Updates on three pending stories.
“Anthem’s Records Weren’t Encrypted,” Wall Street Journal, February 6, 2015 B1. I had thought Anthem did some good stuff, at least in the discovery of and response to the recent breach. But it appears that Anthem had earlier decided not to encrypt their records for the convenience of their employees.
If you hold a third party’s confidential data, can there be a compelling case for not encrypting that data when it’s at rest within the company?
“Hackers’ Revenge: Sony’s Pascal Out,” Wall Street Journal, February 6, 2015 B1. Well, someone lost her job in connection with the Sony hack. But not because of the hack, but because she didn’t watch what she wrote in emails (and others did).
Maybe it was just unfortunate timing. But emails are hard to delete completely.
“Tale Draws Criticism For NBC’s Williams,” Wall Street Journal, February 6, 2015 B2. The beat goes on about the tall tale from anchor Brian (aka Pinocchio) Williams and his helicopter trip. He had just signed his new contract (unlike Amy Pascal at Sony, who was in negotiations when her story broke). Not covered in the Journal today – incredulous comments on another claim he made on (an award-winning) video about watching a body float by in New Orleans while reporting on Hurricane Katrina.
For me the main point is how will NBC ever punish someone for padding their resume when Brian Williams can lie on camera with impunity? Again, what is the culture when a big star can break the rules? How do you get others to follow those rules or any rules? Will there be any SNL skits on this?
What do the numbers mean?
One of the metrics professionals use to track insurance companies is their excess capital – the excess reserves above the case reserves required by regulators. Apparently, Prudential misplaced $1.5 billion of excess capital in two months. And even worse: they couldn’t adequately explain what happened.

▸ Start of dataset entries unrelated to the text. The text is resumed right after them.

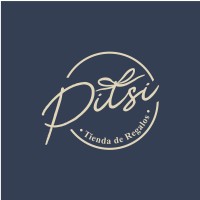 Pitsi Regalos Corporativos logo - Similar company to Mundo Regalo Spa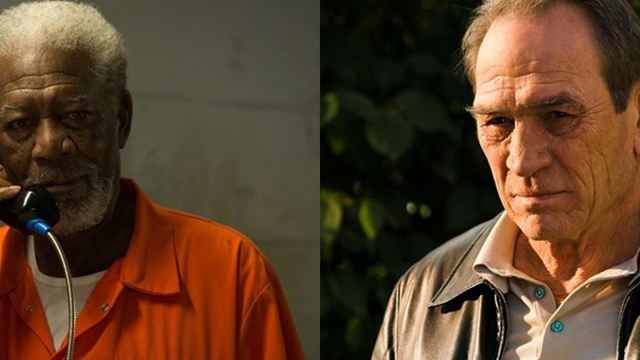 "Villa Capri": Morgan Freeman und Tommy Lee Jones übernehmen Hauptrollen in Ron Sheltons Action-Komödie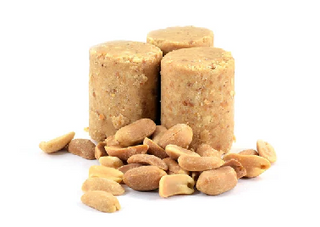 PAÇOCA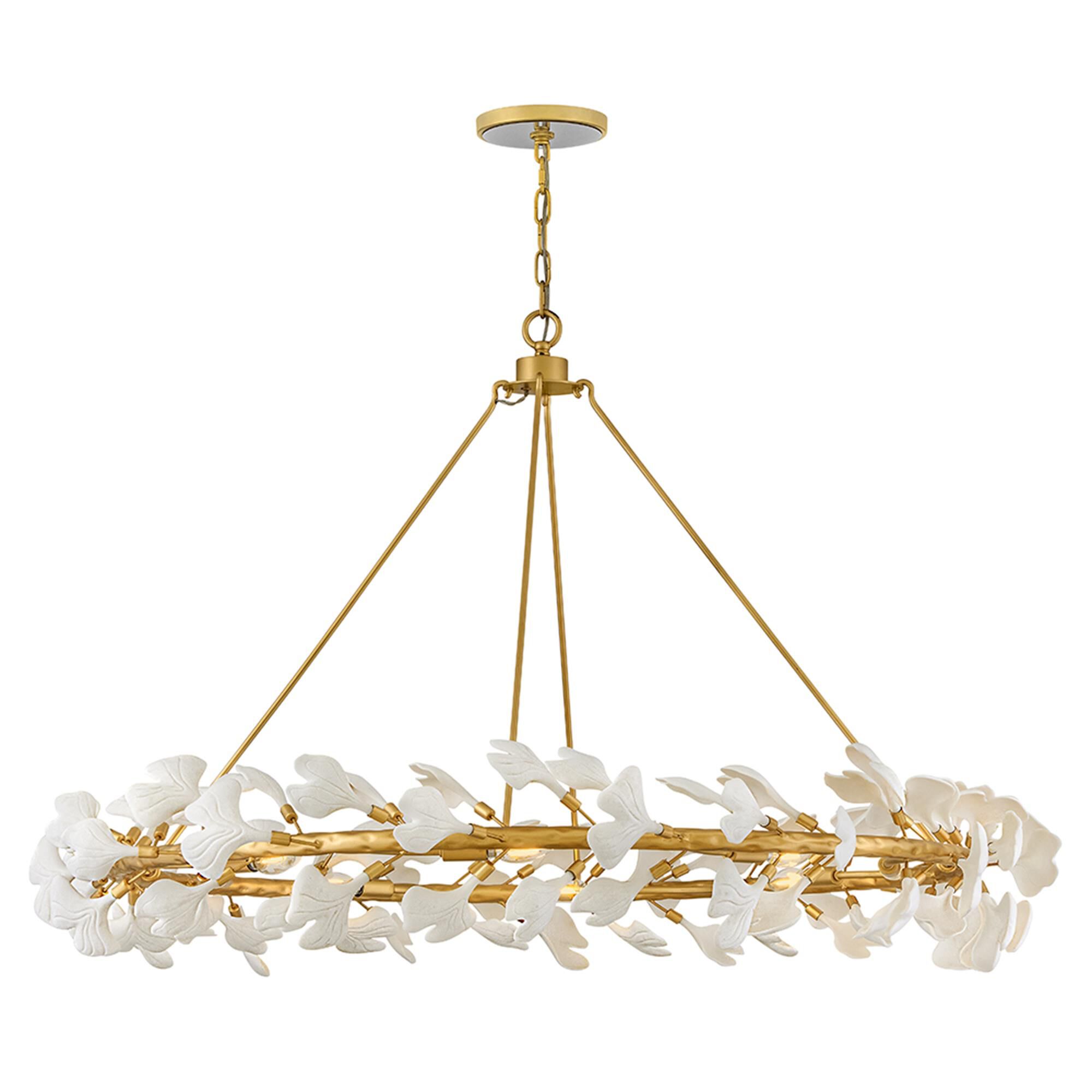 Audra Large Chandelier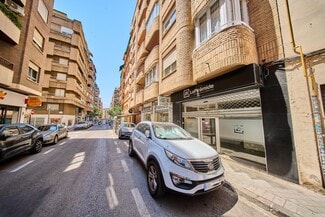 More details for Calle Conde Cifuentes, Granada - Retail for Sale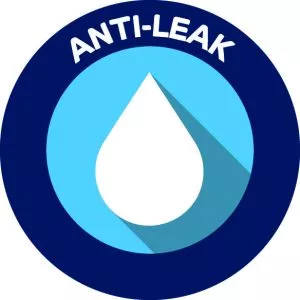 anti leak icon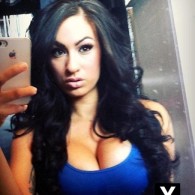 Addison Escort in Santa Ana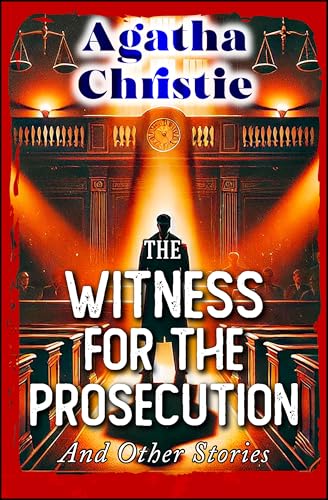 Image of The Witness for the Prosecution and Other Stories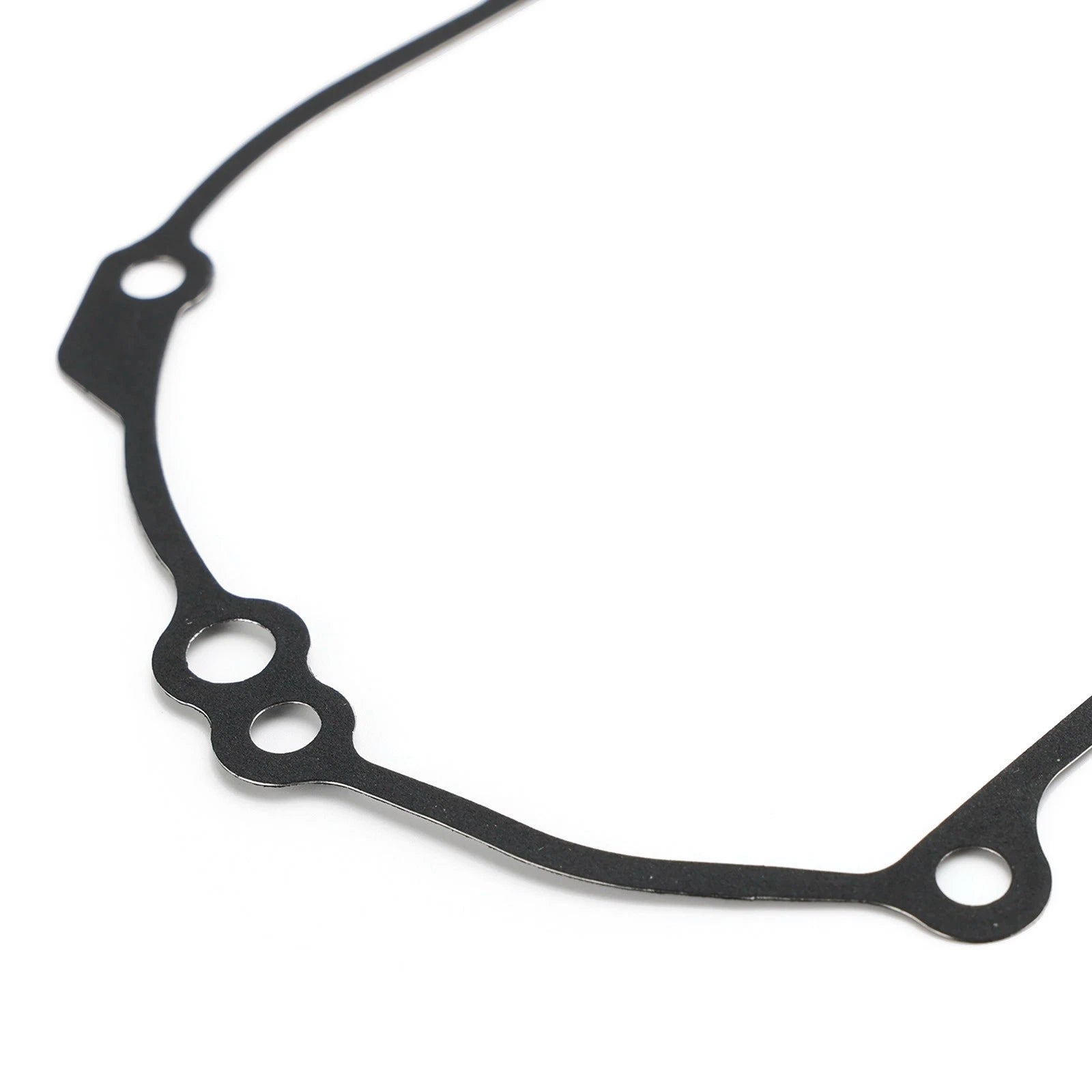 LH ignition cover gasket for Yamaha YZ450F YZF450 WR450F YZ450FX (2018–2023)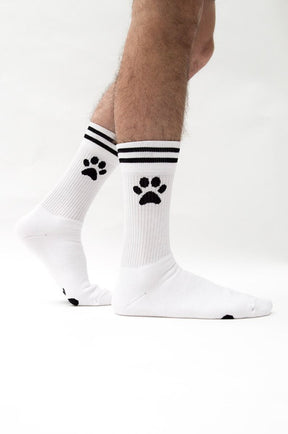 SK8ERBOY Puppy Socks - Haus of Montagu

“Prudential Suffers After Disclosure,” Wall Street Journal, February 6, 2015 C8. Prudential describes it as a “mysterious decline.” Lost 5.7% in market value.
Do we rely too much on metrics that even the experts can’t explain? E.G., the unemployment statistics. If the basis for calculation changes, do they have to explain that? Can you rely on the experts, or might they have an agenda? Do you understand what goes into the numbers?
Would a 5.7% market value decline be a career limiting move?